◆ Work instruction ◆
The output must match the entries below exactly, with pictures removed.

◆ Provided entries ◆
================================

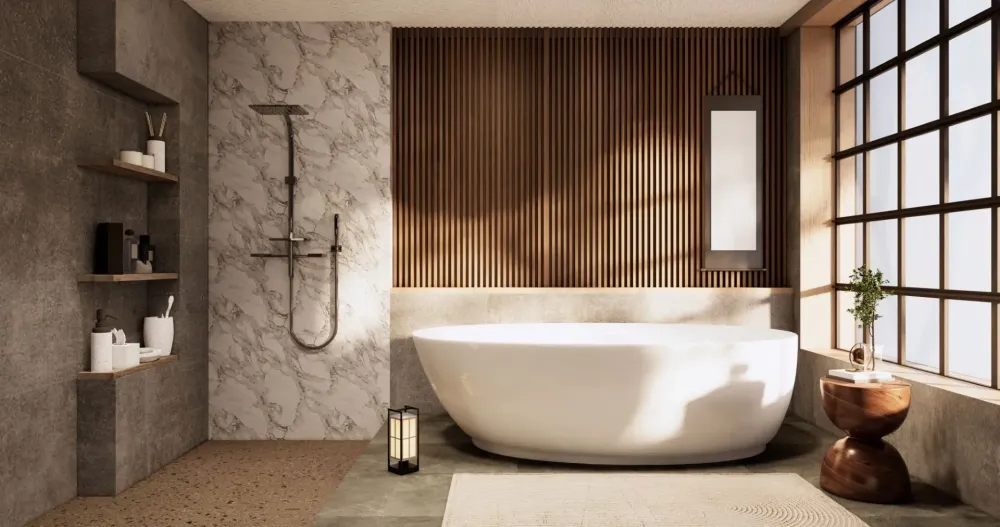 Création de salle de bain à Herseaux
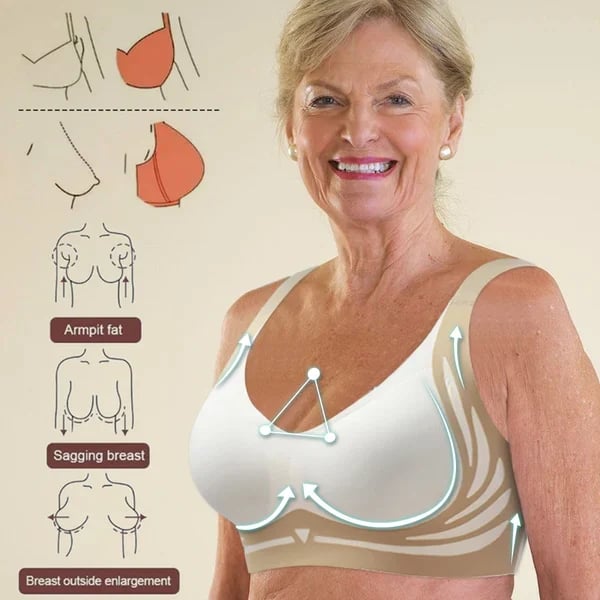 🎁Last Day 50% Off - Super gather bra | Wireless Push-up Bra👍No more sagging breasts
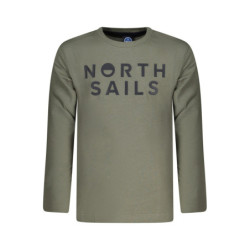 CAMISETA DE MANGA LARGA PARA NIÑOS NORTH SAILS, VERDE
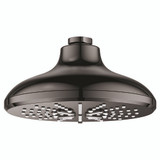 Grohe Rainshower 26789A00 Shower Head, 6-1/2" - 3 Sprays, 1.75gpm in Grohe Hard Graphite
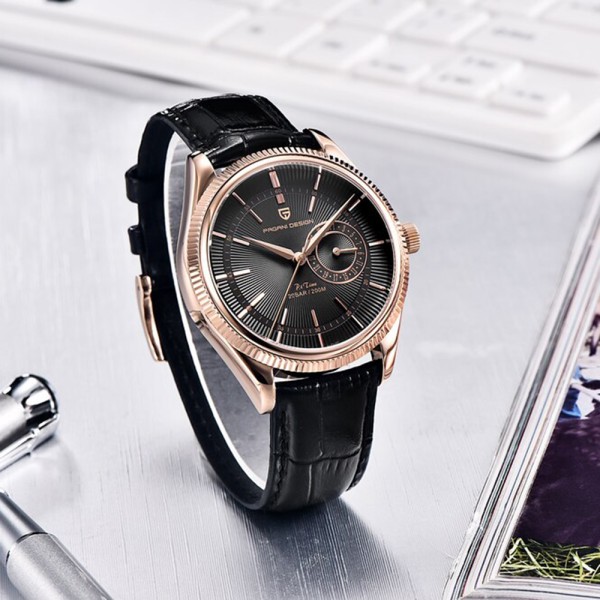 Годинник наручний Pagani Design PD-1689 Gold-Black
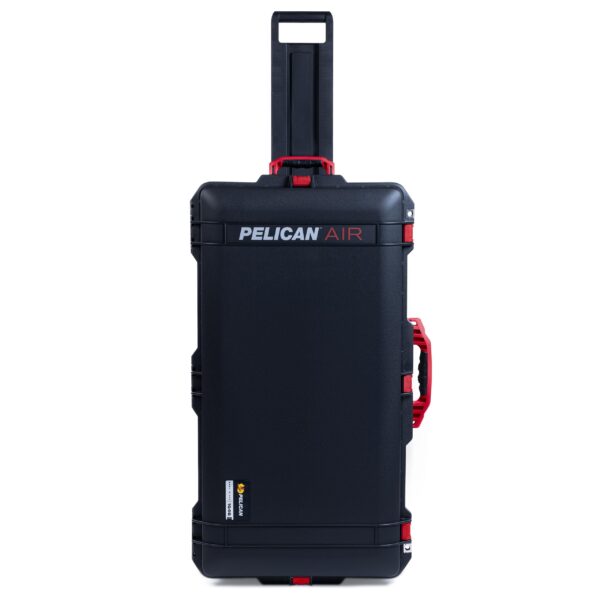 Pelican Air 1646 Case by ColorCase - Black - Large Size Waterproof Case with Pick & Pluck Foam & Convoluted Lid Foam - Red Handles & Latches - Image 3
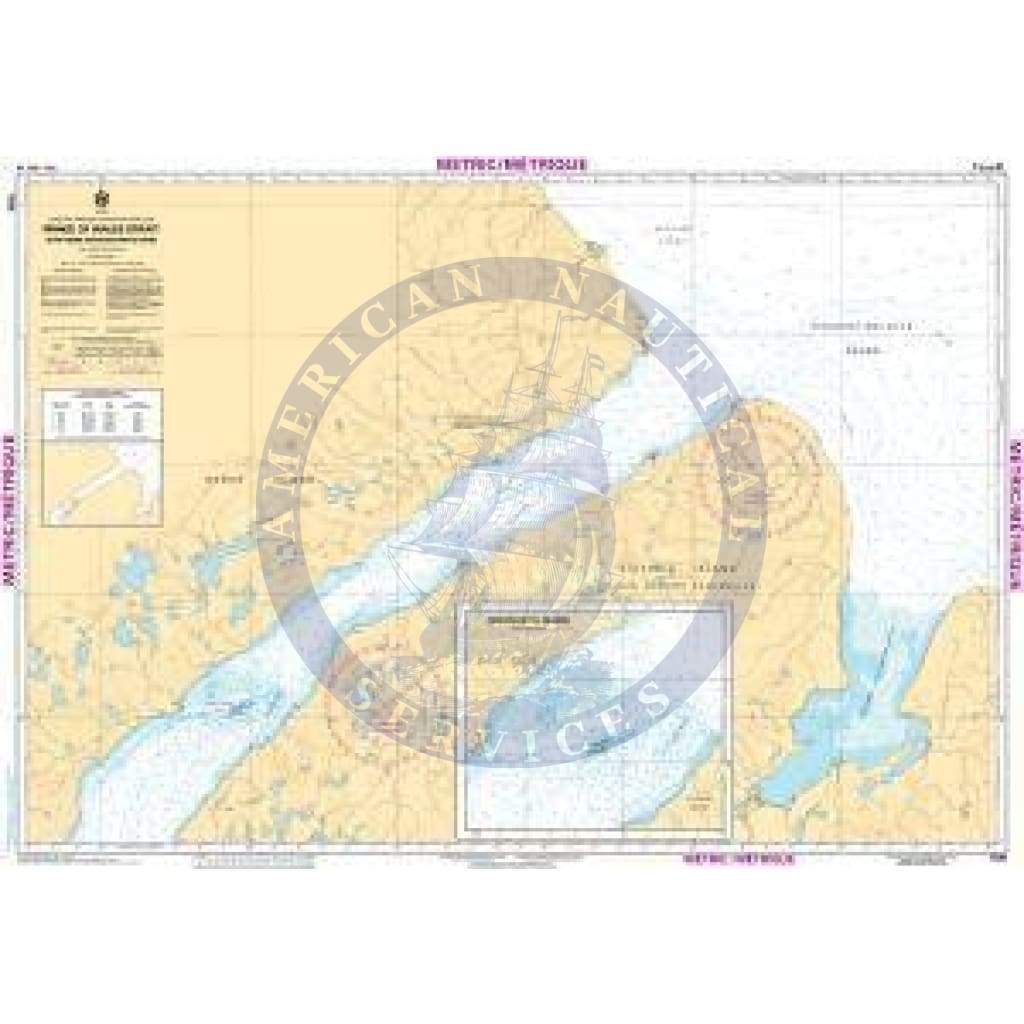 CHS Nautical Chart 7520: Prince of Wales Strait, Northern Portion/ Partie Nord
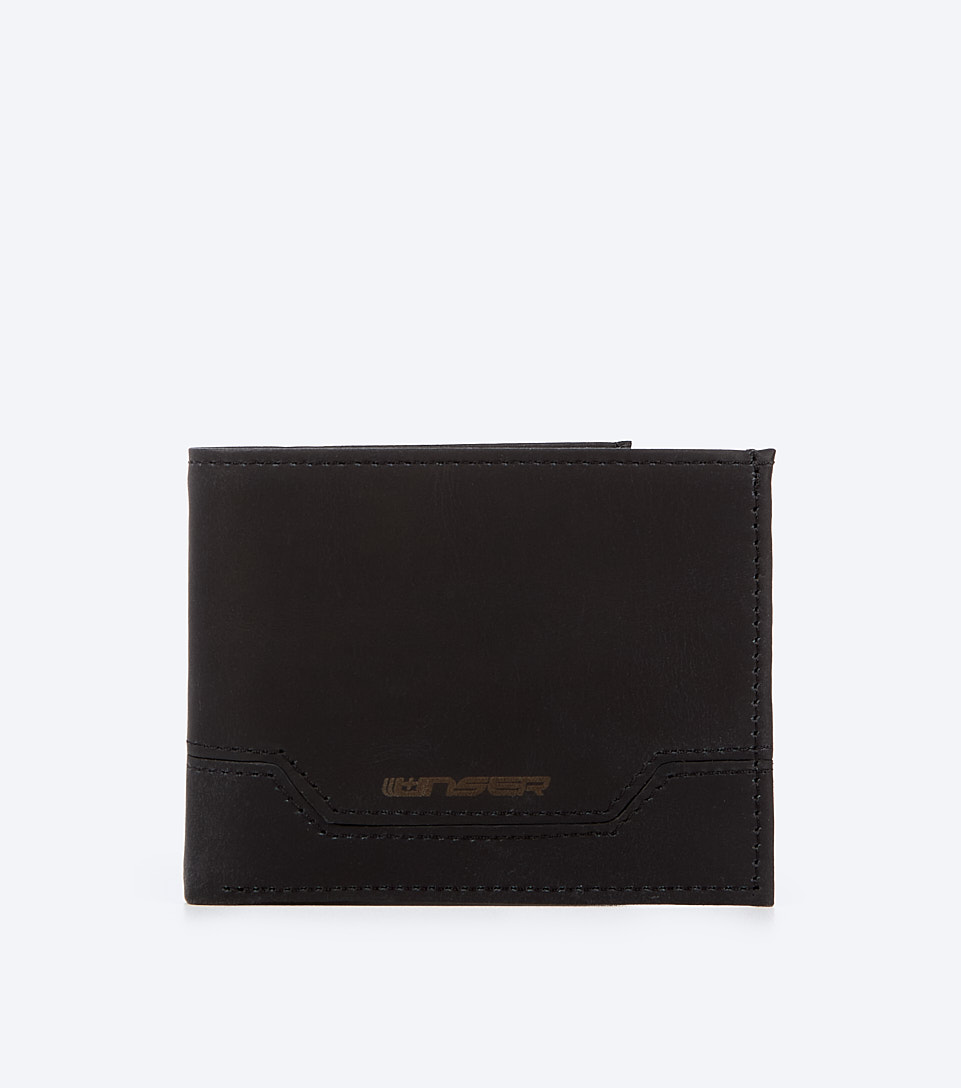 Paul Billetera Unicolor En Cuero Encerado UnserNG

================================

◆ Task solution ◆
 Création de salle de bain à Herseaux
 🎁Last Day 50% Off - Super gather bra | Wireless Push-up Bra👍No more sagging breasts
 CAMISETA DE MANGA LARGA PARA NIÑOS NORTH SAILS, VERDE
 Grohe Rainshower 26789A00 Shower Head, 6-1/2" - 3 Sprays, 1.75gpm in Grohe Hard Graphite
 Годинник наручний Pagani Design PD-1689 Gold-Black
 Pelican Air 1646 Case by ColorCase - Black - Large Size Waterproof Case with Pick & Pluck Foam & Convoluted Lid Foam - Red Handles & Latches - Image 3
 CHS Nautical Chart 7520: Prince of Wales Strait, Northern Portion/ Partie Nord
 Paul Billetera Unicolor En Cuero Encerado UnserNG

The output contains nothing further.